God is not on the side of injustice but stands against it with all his power.  We see this again and again in the Biblical prophets.  Amos preached against people who “oppress the poor” and “crush the needy” (Amos 4:1; cf. Proverbs 14:31).  Ezekiel warned about extortion and stealing from foreigners (Ezekiel 22:12).  Zechariah listed the people who were most likely to be oppressed: widows, orphans, travelers, and the poor (Zechariah 7:9–10; cf. Exodus 22:21–22). It is not just words and actions that bring oppression but also legislation.  Thus Isaiah pronounced God’s woe against “those who decree iniquitous decrees, and the writers who keep writing oppression” (Isaiah 10:1).

When the Preacher saw what was really happening in the world, he longed for someone to comfort the oppressed and dry their tears.  In a culture of exploitation, he wanted to rectify wrongs and console the victims of injustice.  Twice he lamented that no one was able to offer any comfort.

Twice in Ecclesiastes 4:1 he says “they had no one to comfort them” and “there was no one to comfort them.”  And notice this was both for the oppressed AND the oppressors!

The Preacher had an intense, heart-felt response to these people and the pain they were in, just like we see exhibited with Jesus.

On the one hand, Jesus responded to the plight of the oppressed with lamentation, like the tears that Jesus shed for the harassed and helpless people of Israel, “sheep without a shepherd” (Matthew 9:36).

On the other hand, he responded to their oppressors with indignation, like the angry words that Jesus had for the moneychangers at the temple (e.g., Luke 19:45–46).  

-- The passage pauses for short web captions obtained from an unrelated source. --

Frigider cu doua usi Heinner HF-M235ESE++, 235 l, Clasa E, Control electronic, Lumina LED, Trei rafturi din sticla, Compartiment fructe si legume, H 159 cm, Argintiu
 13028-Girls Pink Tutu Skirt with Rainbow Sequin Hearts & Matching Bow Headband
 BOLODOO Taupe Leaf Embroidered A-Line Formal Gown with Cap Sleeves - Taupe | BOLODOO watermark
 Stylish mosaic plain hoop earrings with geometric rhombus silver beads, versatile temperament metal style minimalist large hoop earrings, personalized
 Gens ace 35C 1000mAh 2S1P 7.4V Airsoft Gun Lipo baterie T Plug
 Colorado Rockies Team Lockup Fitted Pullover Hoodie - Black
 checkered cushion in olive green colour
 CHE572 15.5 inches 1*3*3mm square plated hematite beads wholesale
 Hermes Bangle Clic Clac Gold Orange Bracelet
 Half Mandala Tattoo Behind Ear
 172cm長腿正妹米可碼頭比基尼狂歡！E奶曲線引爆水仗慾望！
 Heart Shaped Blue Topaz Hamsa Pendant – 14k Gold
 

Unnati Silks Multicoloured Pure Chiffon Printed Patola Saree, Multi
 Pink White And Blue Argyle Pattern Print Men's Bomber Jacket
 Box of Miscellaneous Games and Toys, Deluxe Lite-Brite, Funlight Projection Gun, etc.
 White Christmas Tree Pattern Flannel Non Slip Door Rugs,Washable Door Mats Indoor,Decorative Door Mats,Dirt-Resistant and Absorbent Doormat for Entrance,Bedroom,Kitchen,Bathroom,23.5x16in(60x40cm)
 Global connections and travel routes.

But what the Preacher mostly felt was frustration that he could not bring an end to oppression.

Even though Solomon, at that time one of the mightiest men on earth, could do nothing about it, he believed that ultimately God would.

17 I said in my heart, God will judge the righteous and the wicked, for there is a time for every matter and for every work.

Here the Preacher applies what he had taught earlier in the chapter, that “there is a season for everything and a time for every matter under heaven” (Ecclesiastes 3:1).

So there is a time for justice.  Thus, rather than getting angry or sad about all the oppression we see around the world, we can trust God to make all things right in the end.

This does not mean that there is never a time for us to pursue justice now.  Depending on our place in society — the spiritual or civil authority that God has given to us — it is our responsibility to fight against oppression.  As fathers and mothers, as pastors and elders, as citizens and public officials, we are called to do what is right in the home, in the church, and in society.

Yet, unfortunately, even our very best efforts will not bring an end to all oppression.  There will still be violence against women and children.  Police officers will still get killed in the line of duty.  There will still be structures of corruption in business and government.  Foreign powers will still abuse their own people in defiance of world order.  But in all the situations that we do not have the power or authority or wisdom to resolve, God will see to it that justice is done.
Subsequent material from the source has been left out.